··· SOURCE DATA ···

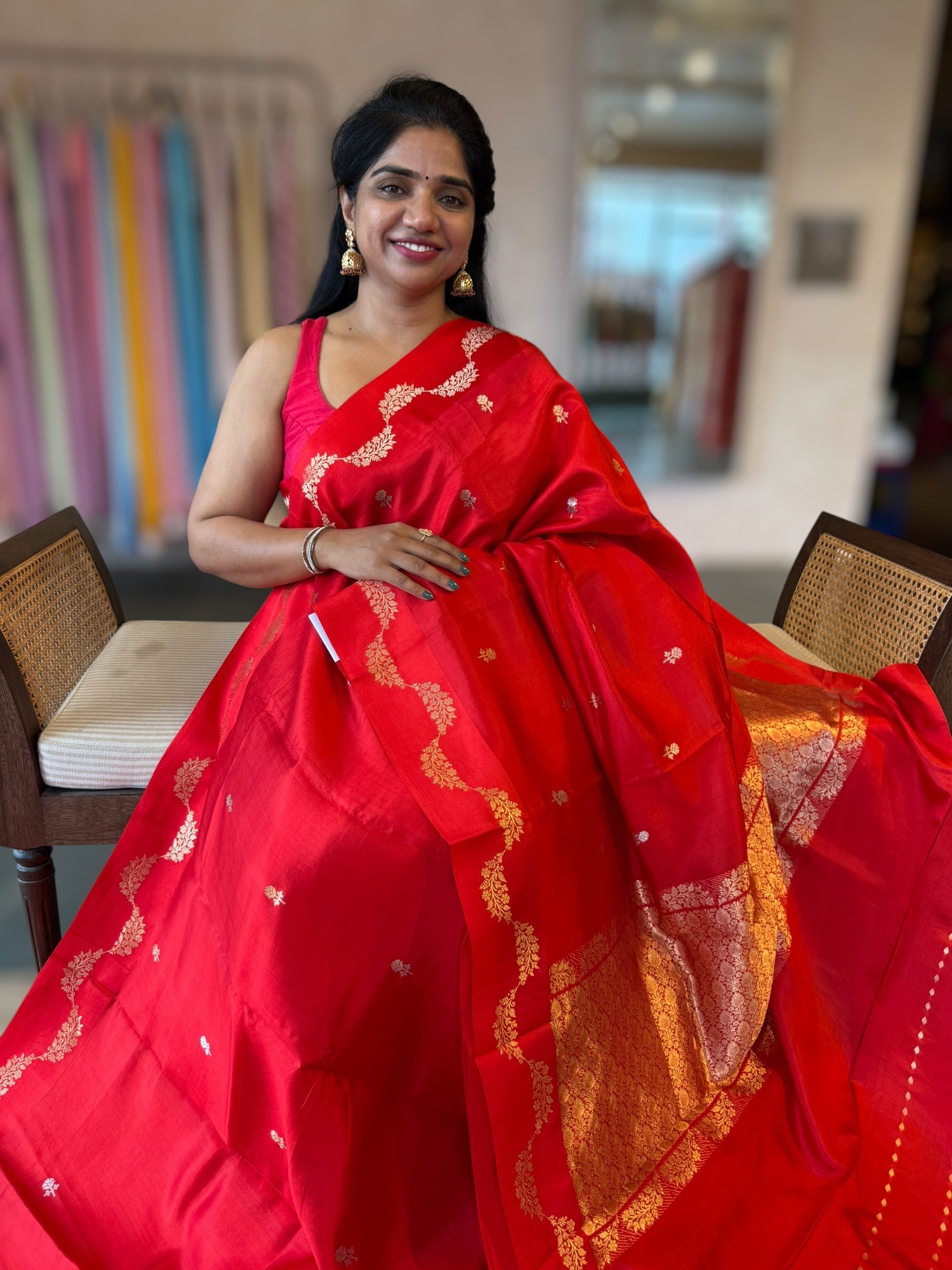 Red Pure Handloom Raw Mango Silk Saree With Kaduwa Weaving Creeper Open Border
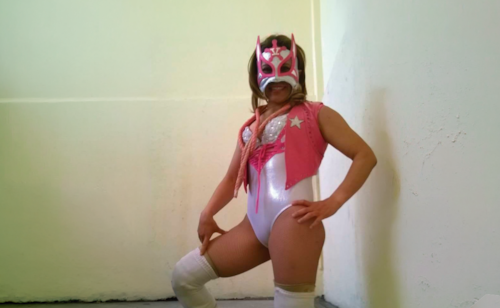 Vaquerita confiesa qué hizo con sus equipos, tras retirarse de la lucha libre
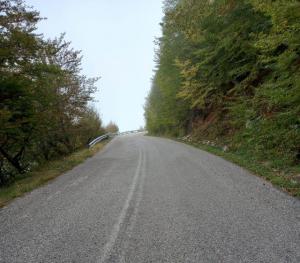 Επικίνδυνο το Οδόστρωμα (διαγράμμιση) προς το Ξηρολίβαδο -Πολίτες ενός κατώτερου θεού οι Ξηρολιβαδιώτες;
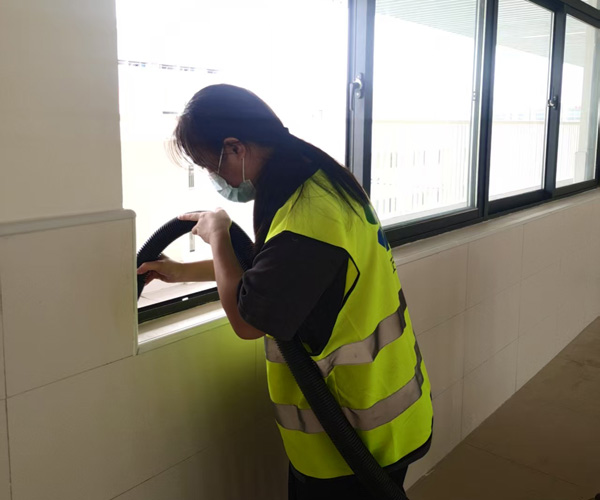 工程開(kāi)荒保潔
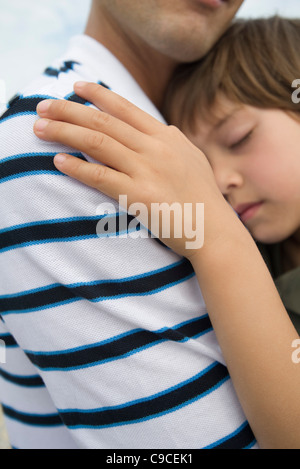 Vater Holding jungen Sohn, beschnitten Stockfoto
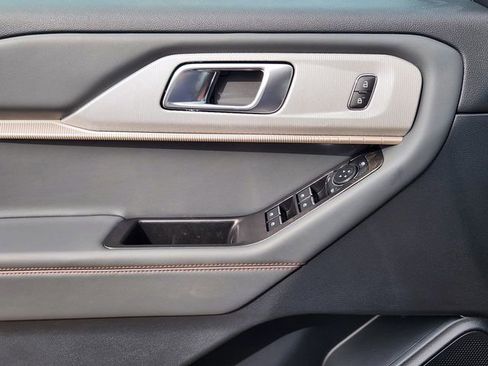 New 2026 Ford Explorer Active w/ Active Comfort Package image 23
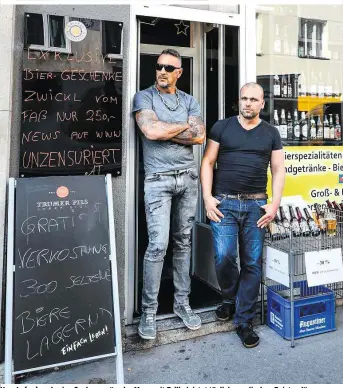  ??  ?? Herr L. (re.) und sein „Seelsorger“– der Mann mit Brille leistet täglich „seelischen Beistand“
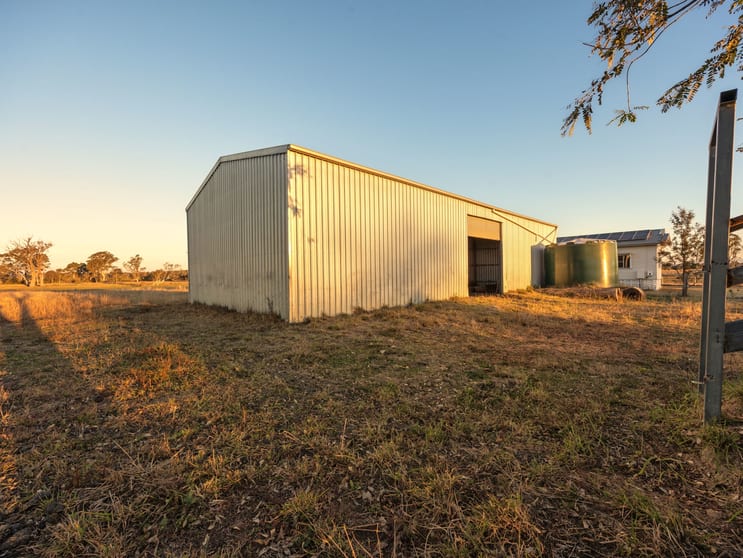 Click to view all images 290 Reillys Road Rosewood QLD 4340 - Image 3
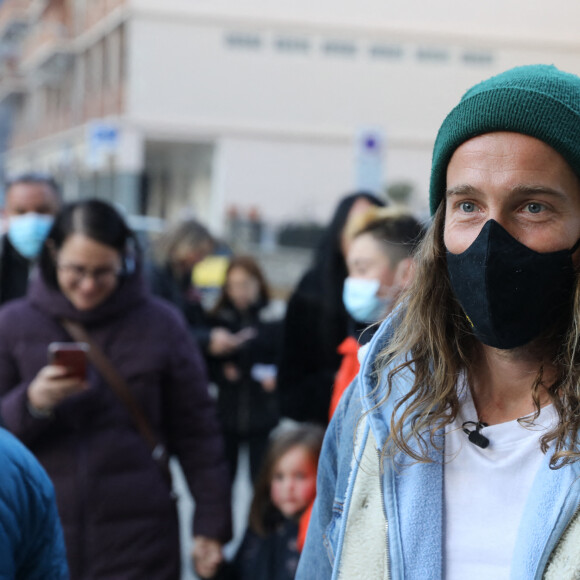 Exclusif - Le chanteur Julien Doré à la rencontre des sinistrés avec des bénévoles du Secours populaire dans la Vésubie suite au passage de la tempête Alex, à Saint-Martin-Vésubie, France, le 21 novembre 2020. © Bruno Bebert/Bestimage 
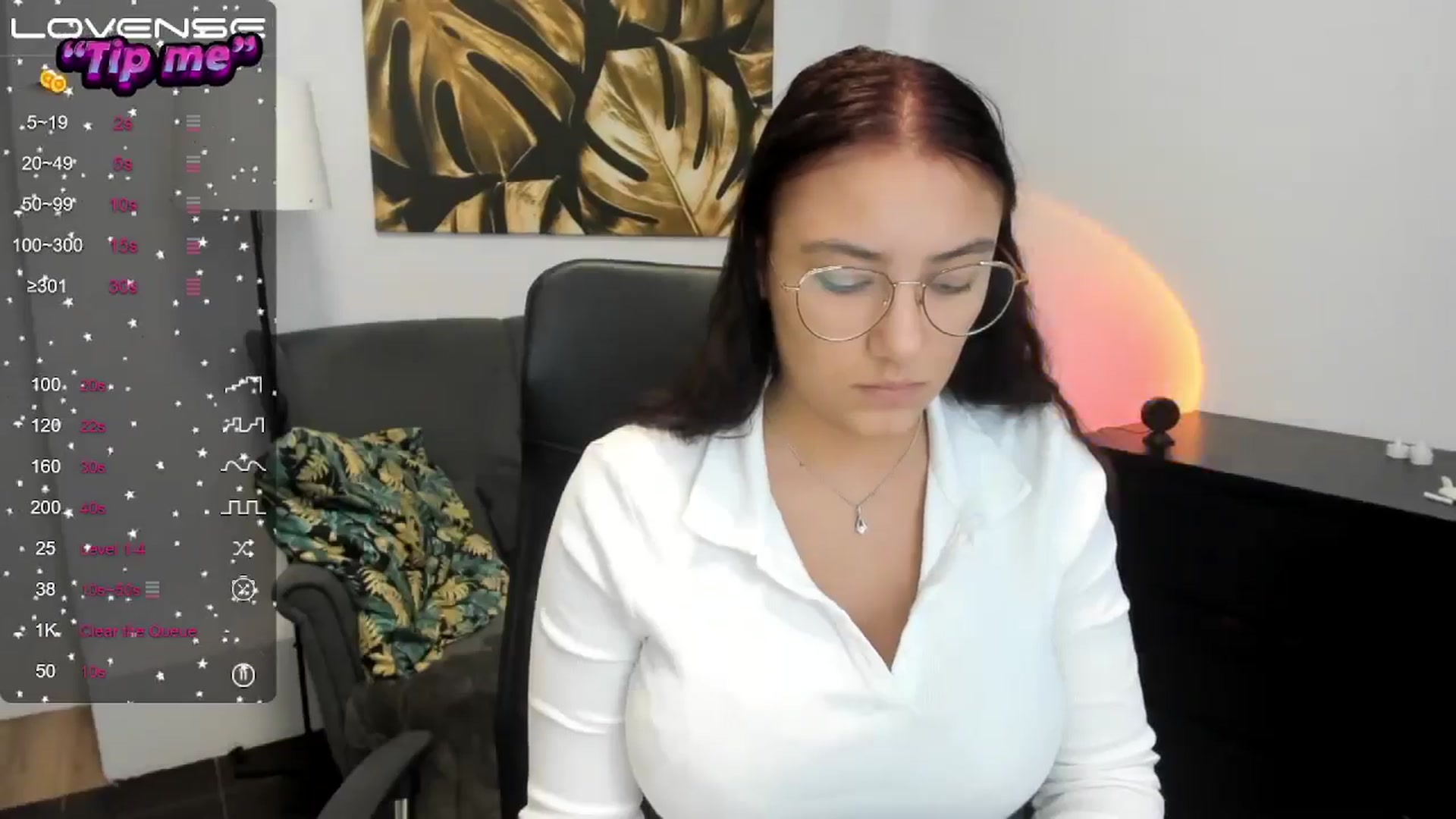 Gallery image thumbnail from SunfLowerr's myfreecams stream on, 10/05/2024, 17:15 image 18 of 20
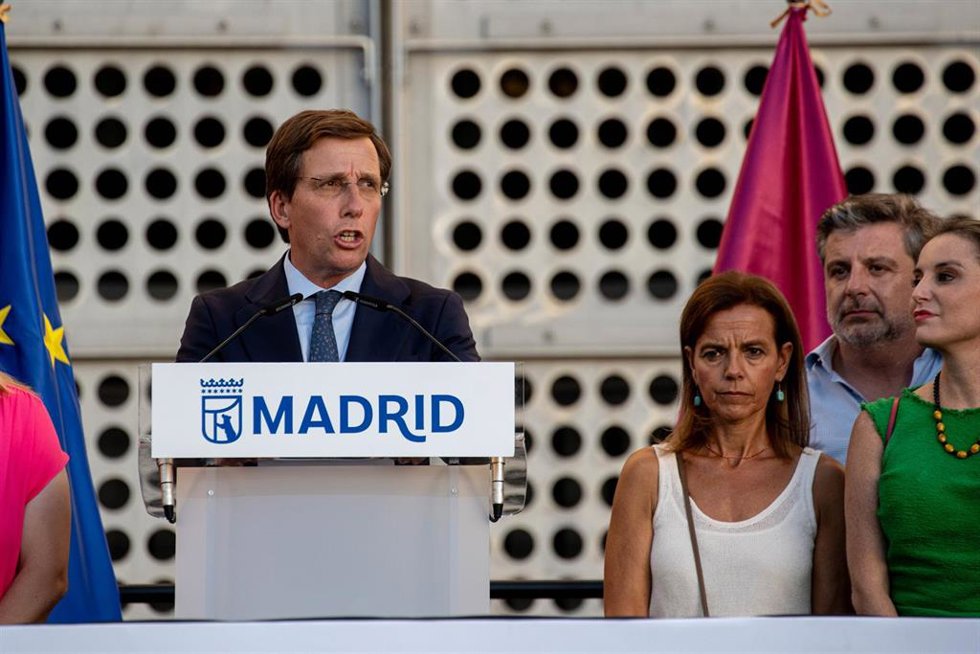 El alcalde de Madrid, José Luis Martínez Almeida, interviene durante una concentración en solidaridad con Ceuta, a 2 de septiembre de 2026, en Madrid (España).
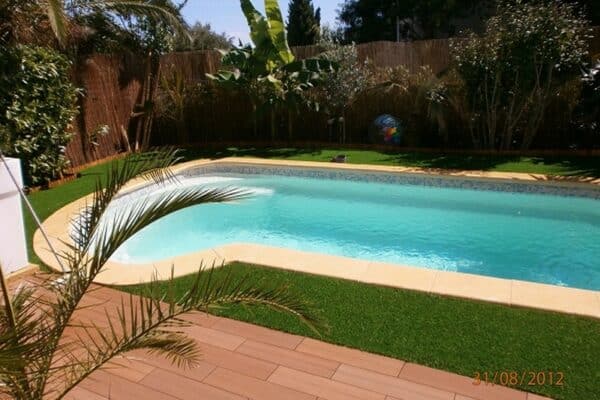 Gazon synthetique aubagne tour de piscine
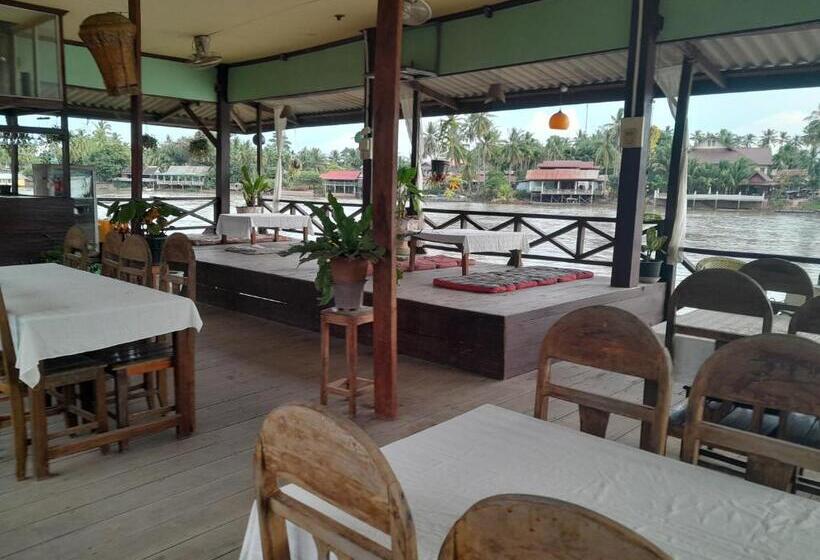 بنسيون Rivergarden Guesthouse And Restaurant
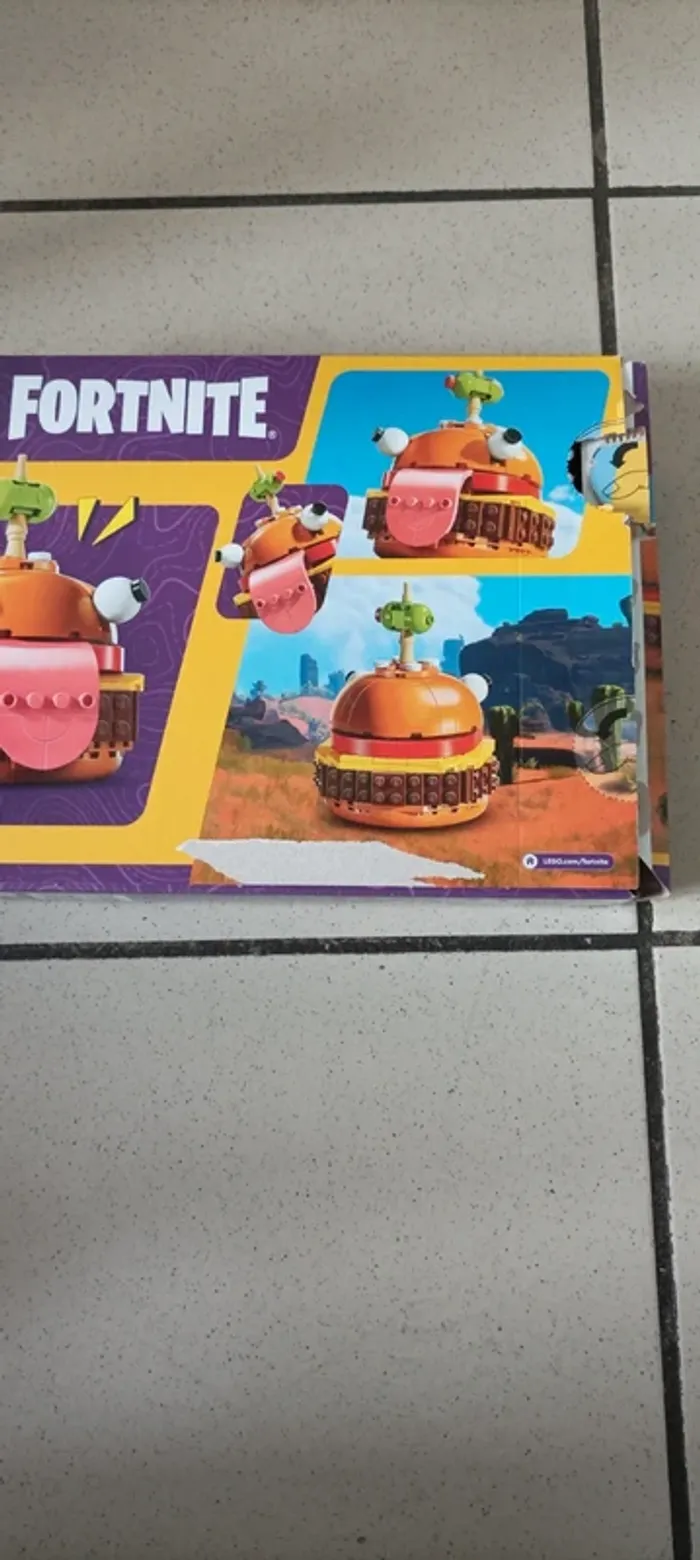 Lego Fortnite 77070 boîte vide ! - photo numéro 2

···

Please output, exactly as written, the lines above from the one holding "工程開(kāi)荒保潔" through the one holding "Click to view", both included, with the pictures omitted.

 工程開(kāi)荒保潔
 Vater Holding jungen Sohn, beschnitten Stockfoto
 New 2026 Ford Explorer Active w/ Active Comfort Package image 23
  ??  ?? Herr L. (re.) und sein „Seelsorger“– der Mann mit Brille leistet täglich „seelischen Beistand“
 Click to view all images 290 Reillys Road Rosewood QLD 4340 - Image 3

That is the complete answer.